Economie tunisie

Sécurité et souveraineté alimentaires en Tunisie | La sécurité alimentaire dans un contexte de changement climatique : Des enjeux stratégiques

 

Si la Tunisie a réussi, par le passé, à introduire et à adopter des politiques agricoles avant-gardistes qui ont permis de construire diverses filières agricoles contribuant à une certaine autosuffisance alimentaire, ces approches ont atteint, aujourd’hui, leurs limites. Le changement climatique, qui s’accentue, entraînant la récurrence des épisodes de sécheresse, est en train de fragiliser nos systèmes agricoles, et l’intensification de la production n’est plus un choix envisageable. C’est dans ce contexte que le département de l’Agriculture a mis le cap sur de nouvelles politiques axées sur la valorisation de l’eau et la recherche scientifique, avec, en point de mire, une agriculture durable et résiliente.

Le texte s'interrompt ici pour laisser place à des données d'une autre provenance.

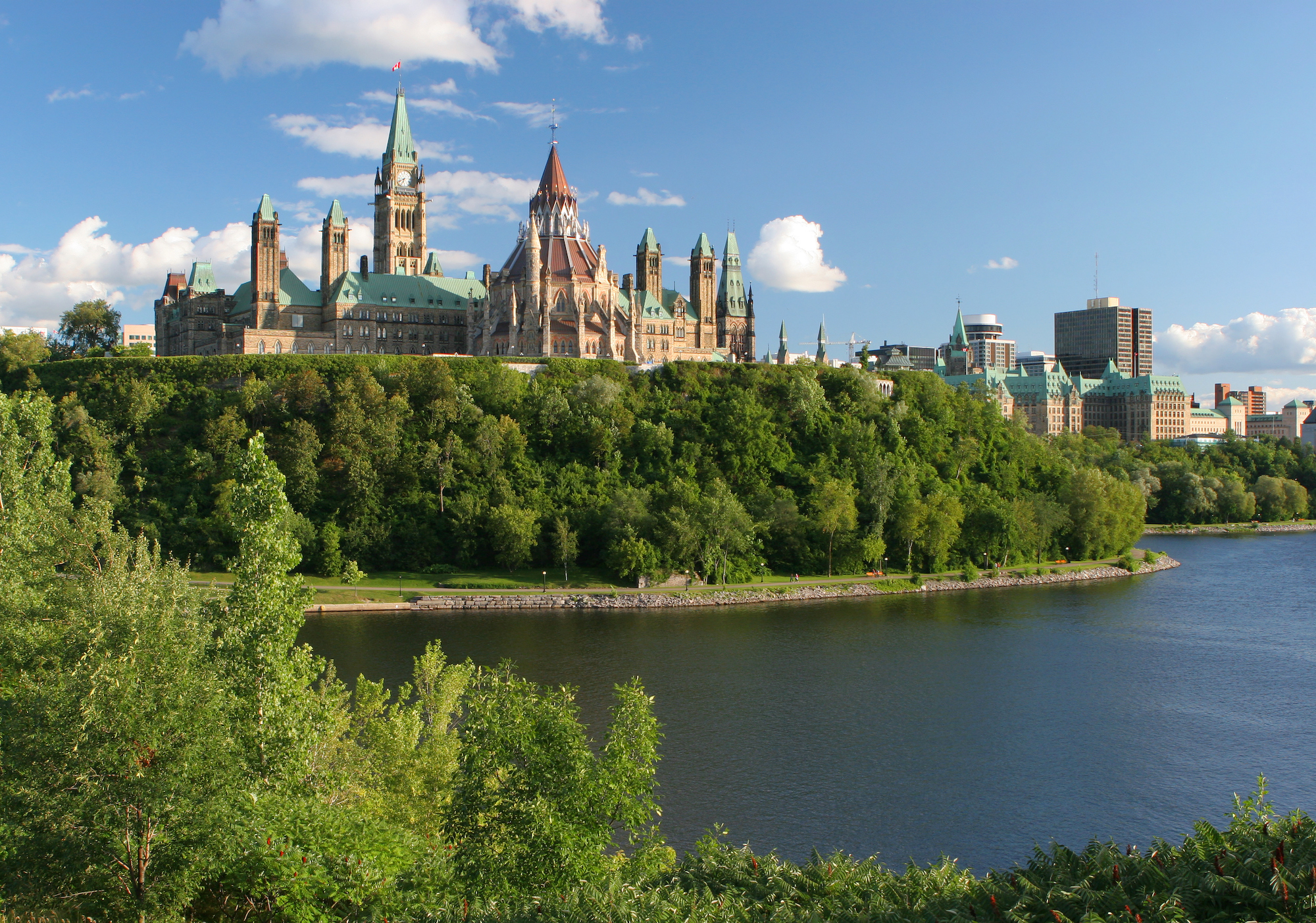 Canada's parliament building.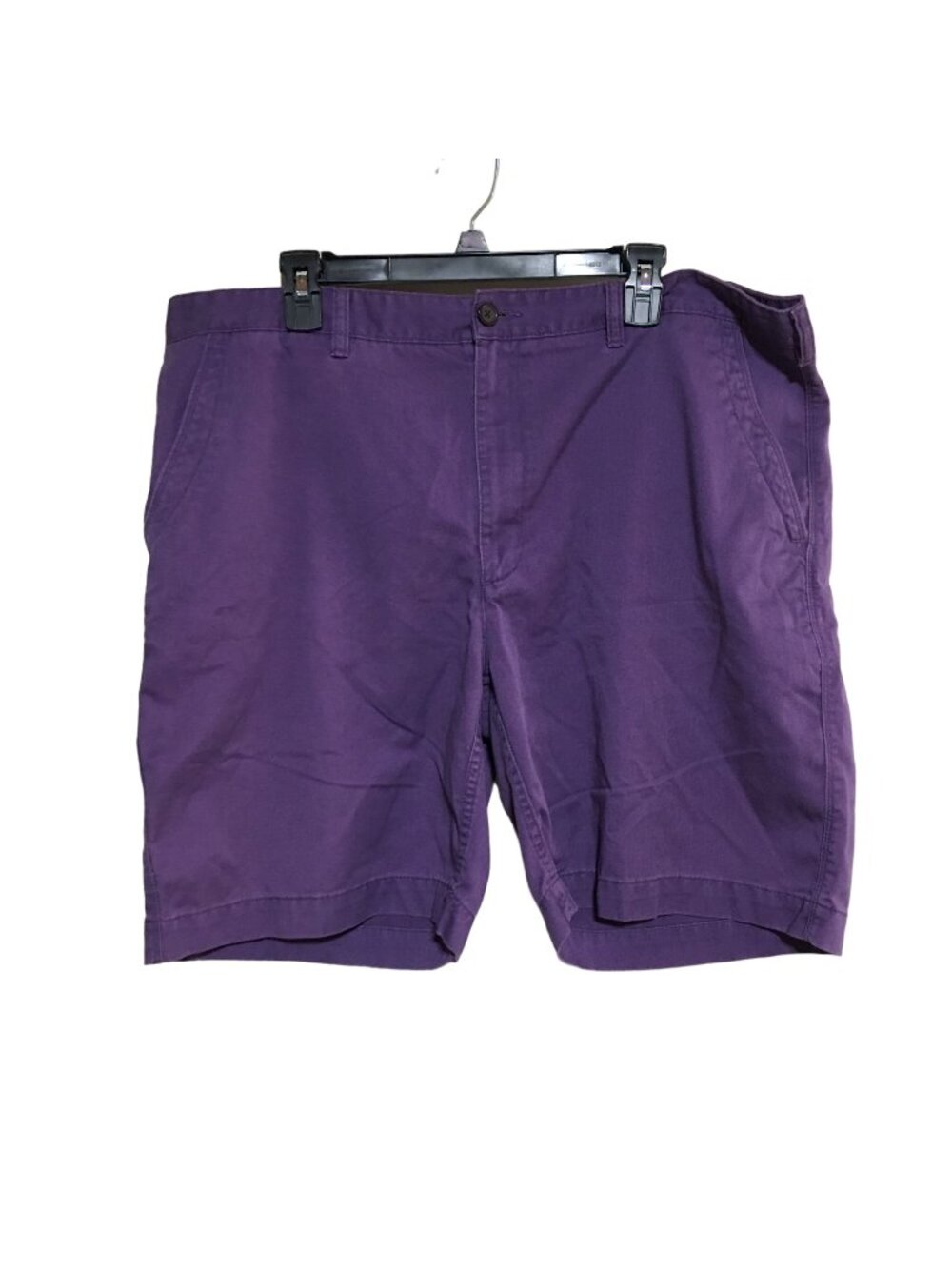 SAVANE PURPLE CHINO FLAT FRONT SHORTS MENS SIZE 40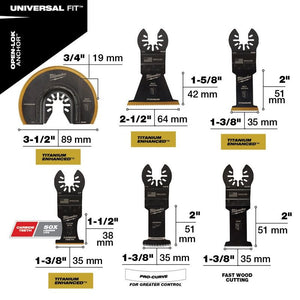 Milwaukee 49-10-9113 OPEN-LOK 9pc Multi-Tool Blade Kit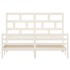 Estructura de cama madera maciza blanco Supe King 180x200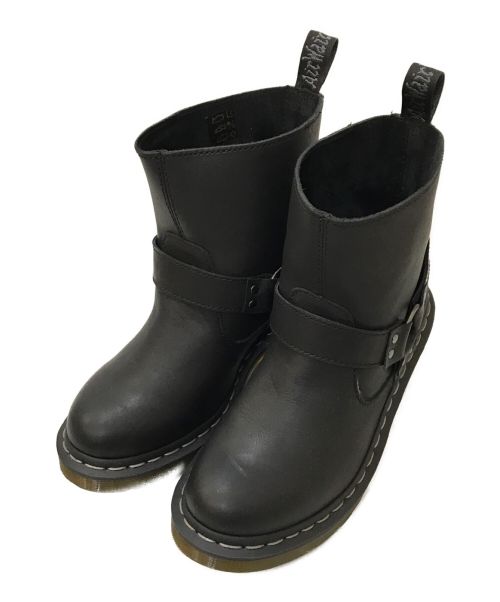 Dr.Martens（ドクターマーチン）Dr.Martens (ドクターマーチン) ALODIE ハイヒールエンジニアブーツ ブラック サイズ:UK4(23cm)の古着・服飾アイテム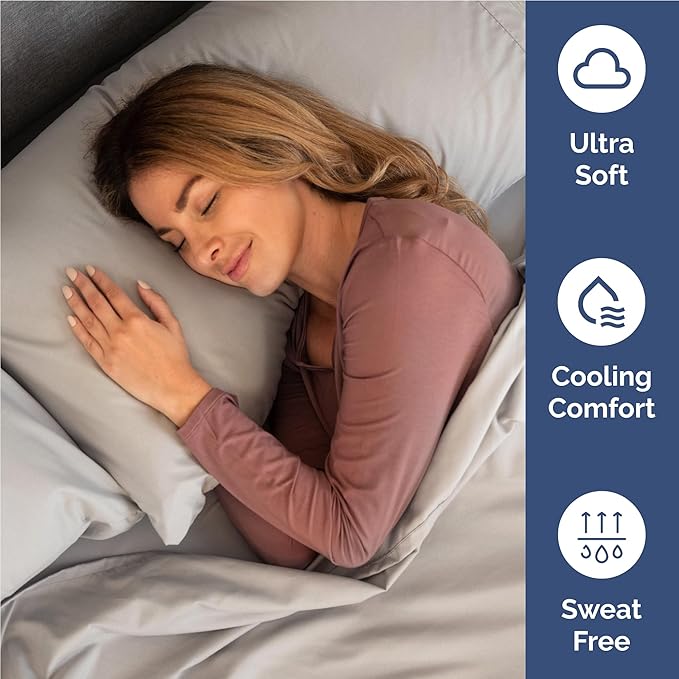 Cooling Bed Sheet Set - Full - 16 in Deep Pocket - 6 Piece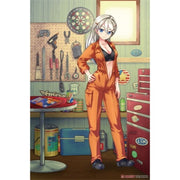 Hasegawa 52315 1/12 No. 25 Lucy McDonnell Coveralls 12 Egg Girls Collection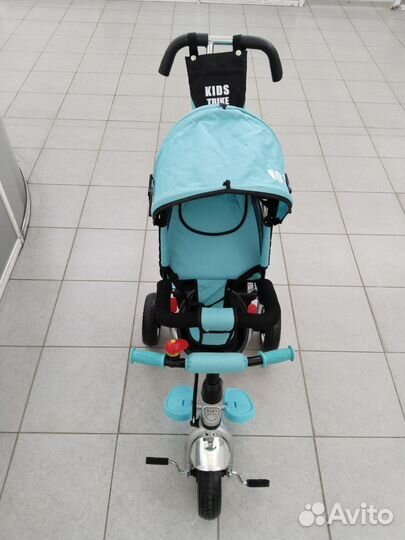 Новый велосипед с ручкой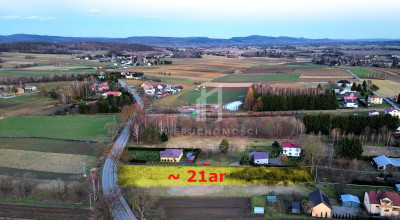 DZIAŁKA POD ZABUDOWĘ ZAGRODOWĄ I USŁUGOWĄ SZEBNIE 21AR - Szebnie  - podkarpackie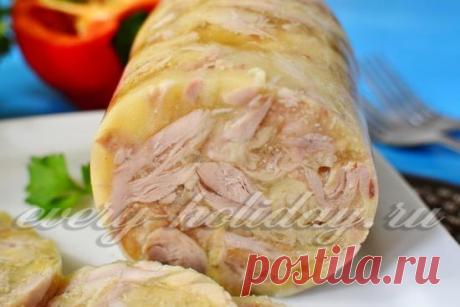 Куриный рулет в бутылке в домашних условиях, рецепт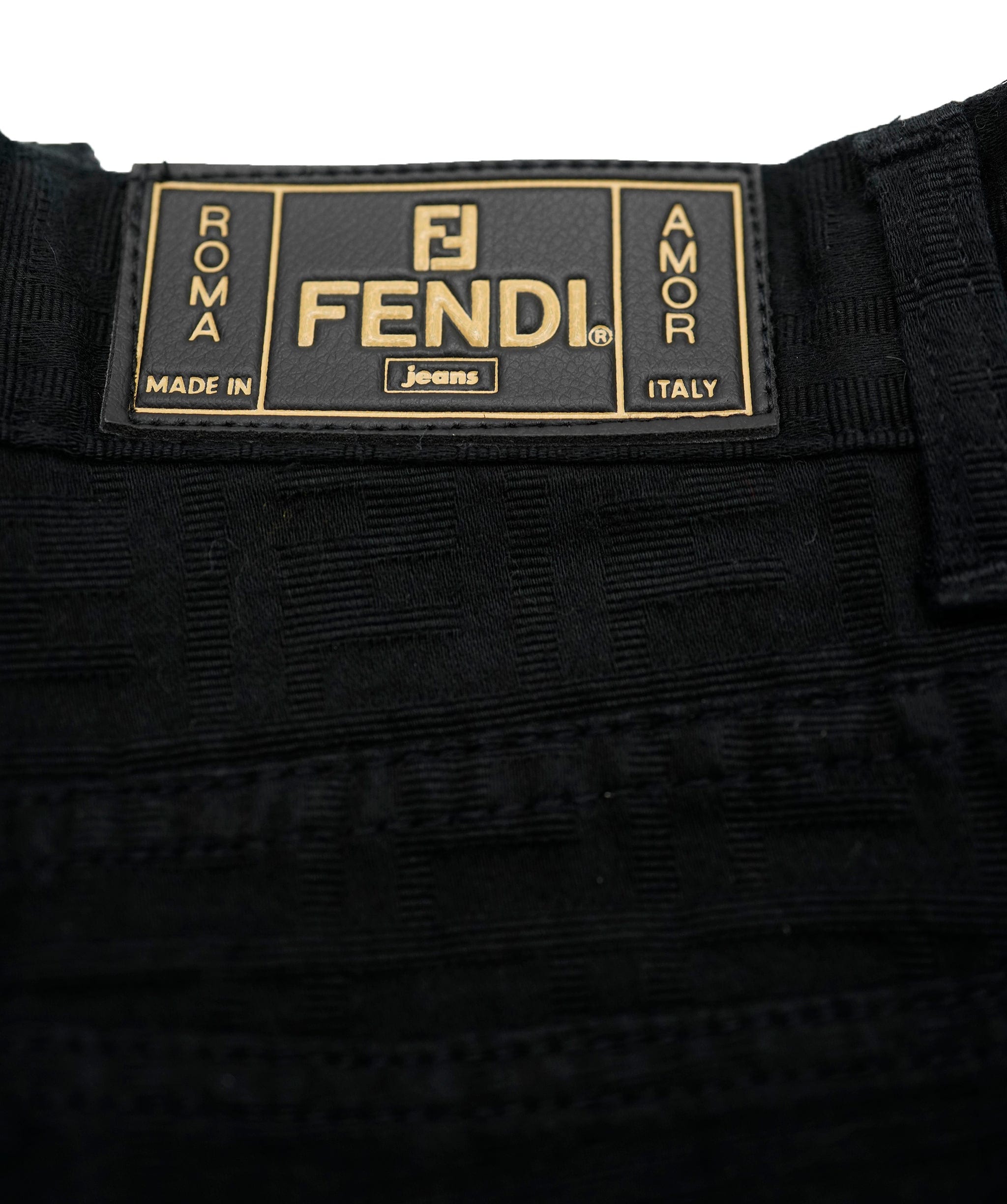 Fendi Fendi Zucca Jacket Pants Suit Black ASL9940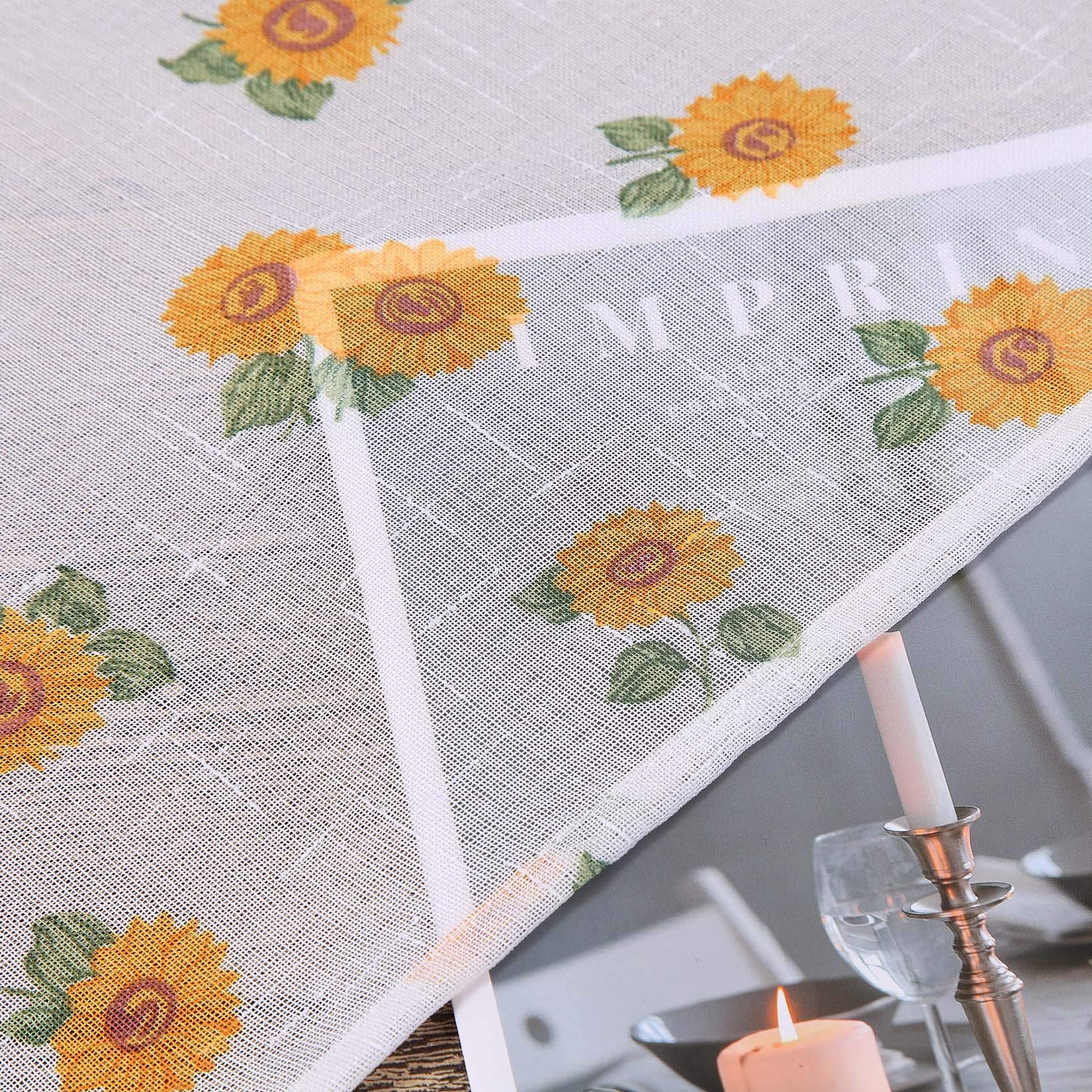 Kitchen Curtains, Sunflower Printed Bathroom Window Curtain, Bobo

Les nouvelles politiques agricoles étaient au cœur d’un débat tenu lors de la journée qui a été organisée, lundi dernier, par le ministère de l’Agriculture, des Ressources hydrauliques et de la Pêche, sur le thème “Les défis de la sécurité alimentaire à la lumière des changements climatiques”. La table ronde qui s’est tenue en présence du ministre de l’Agriculture, Abdelmonem Belati, a permis de braquer les lumières sur les enjeux pressants de la sécurité alimentaire auxquels fait face la Tunisie. Revenant sur l’évolution des politiques agricoles de l’Etat depuis son Indépendance, Mme Nejia Hayouni, chargée de la direction générale des Etudes et du Développement, a souligné que l’autosuffisance alimentaire était un des principaux objectifs des premiers plans de développement qui ont vu le jour à l’aube de l’Indépendance et même avant l’évacuation agricole. La sécurité alimentaire était, selon ses dires, la principale préoccupation de la Tunisie post-indépendance. Ainsi, pour atteindre cet objectif, l’Etat a fait le choix de l’intensification de la production: toutes les ressources hydriques mobilisables ont été déployées dans l’objectif de créer des zones irriguées s’étendant sur des milliers d’hectares.

L’autosuffisance en céréales, un objectif toujours non atteint

“Des ingénieurs et des techniciens ont été formés et déployés dans les quatre coins de la Tunisie afin de répandre les techniques agricoles. Plusieurs réformes et législations ont été, également, mises en place. Tout un arsenal législatif a été instauré au profit du secteur agricole”, a-t-elle enchaîné. La responsable a ajouté que cette politique post-indépendance a porté ses fruits et a permis à la Tunisie d’atteindre son autosuffisance alimentaire pour plusieurs produits agricoles et de diversifier sa production agricole.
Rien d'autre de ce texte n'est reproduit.